Problem Description:
This is the Elasticsearch index mapping. Theoretically, storing a vector with float32 values should take up 4KB of storage. Therefore, each document record should occupy approximately 4KB.
However, after writing 7.5 million records, the total storage used is 90GB, with 60GB for data and 30GB for doc_values , which is about 1/3 of the storage.
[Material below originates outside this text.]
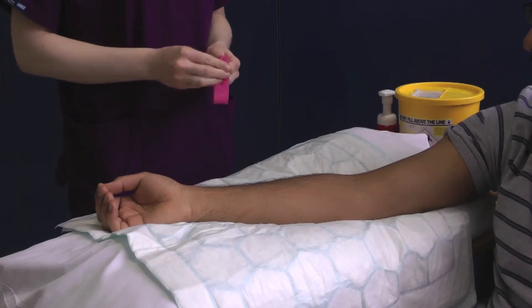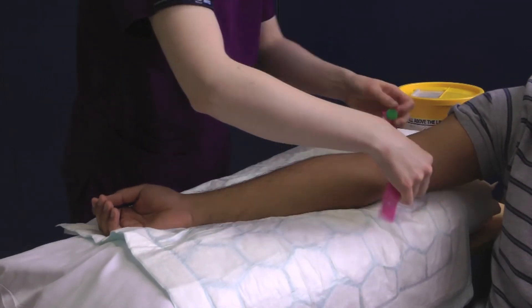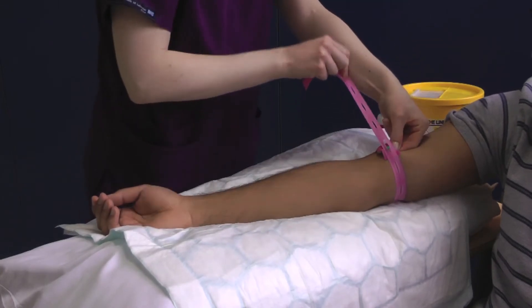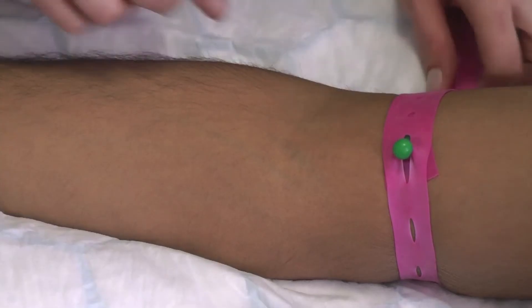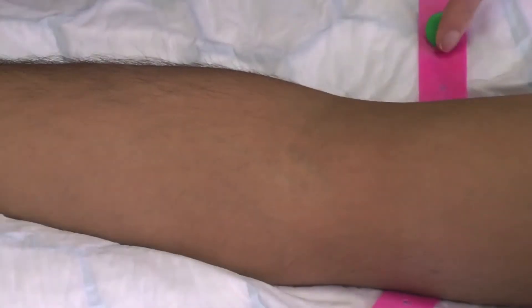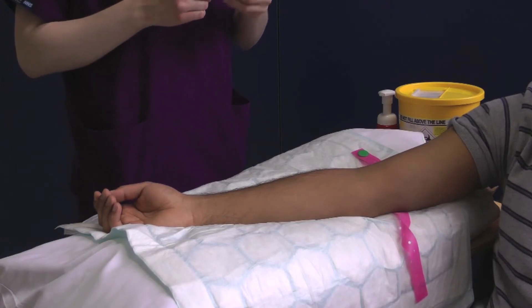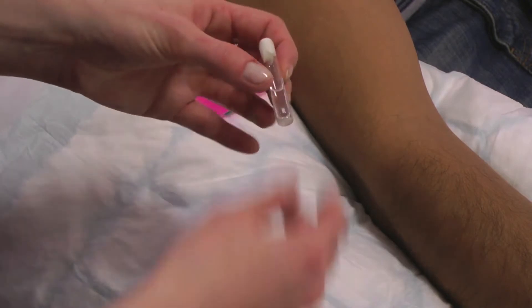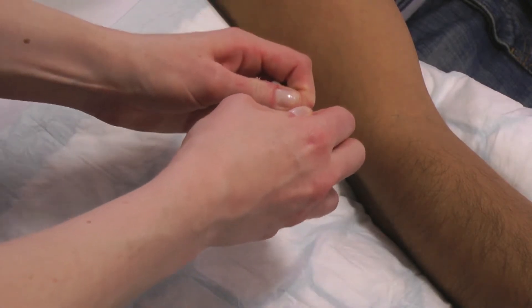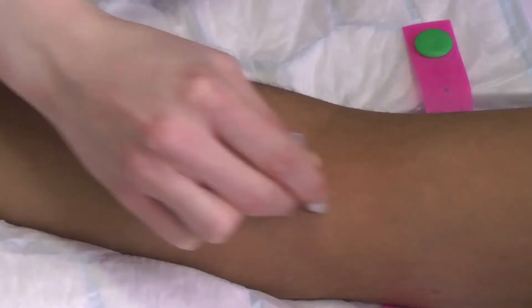Apply a disposable tourniquet to the patient's arm and palpate for a suitable vein. Once you have located the vein, release the tourniquet. Remove the chloroprep applicator from its packaging and squeeze until the inner tube breaks. This releases the chloroprep solution. Clean the proposed puncture site in a hash formation and allow to air dry for 30 seconds.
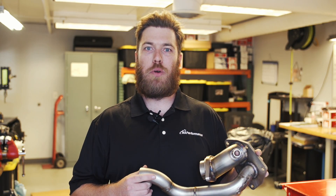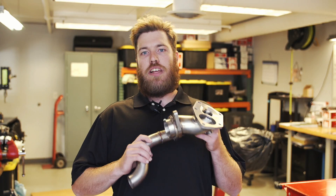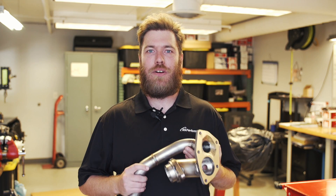Hi guys, I'm Dalen from Modern Automotive Performance and today we're going to take a look at how we make our stainless EVO 8-9 external dump O2 housing. Our stainless O2 dump is built right here in our Cottage Grove, Minnesota facility utilizing our own 3D contoured flange and hand TIG welded stainless 304 tubing. Now let's take a look at how our talented fabrication team makes one when you place your order.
Each record occupies 12.58KB.

  • chunk mapping
PUT /chunk_vector
{
    "mappings": {
        "dynamic": "strict",
        "properties": {
            "chunk_id": {
                "type": "long"
            },
            "file_id": {
                "type": "keyword"
            },
            "file_name": {
                "type": "keyword",
                "doc_values": false
            },
            "group_id": {
                "type": "keyword"
            },
            "vector": {
                "type": "dense_vector",
                "dims": 1024
            },
            "ctime": {
                "type": "long"
            },
            "mtime": {
                "type": "long"
            }
        }
    }
}
  • chunk storage:
   "chunk_vector": {
        "store_size": "89.9gb",
        "store_size_in_bytes": 96627326548,
        "all_fields": {
            "total": "89.9gb",
            "total_in_bytes": 96616074283,
            "inverted_index": {
                "total": "53.5mb",
                "total_in_bytes": 56200185
            },
            "stored_fields": "60.1gb",
            "stored_fields_in_bytes": 64585932961,
            "doc_values": "29.7gb",
            "doc_values_in_bytes": 31897294917,
            "points": "73mb",
            "points_in_bytes": 76646220,
            "norms": "0b",
            "norms_in_bytes": 0,
            "term_vectors": "0b",
            "term_vectors_in_bytes": 0
        },

I would like to optimize the storage of vectors. Please provide some suggestions and help resolve my queries. Thank you.
Questions:

  1. For vector search, is it necessary to use the doc_values feature?
  2. Why does each record occupy 12.58KB?
  3. How can we optimize vector storage space while keeping the vector dimension at 1024?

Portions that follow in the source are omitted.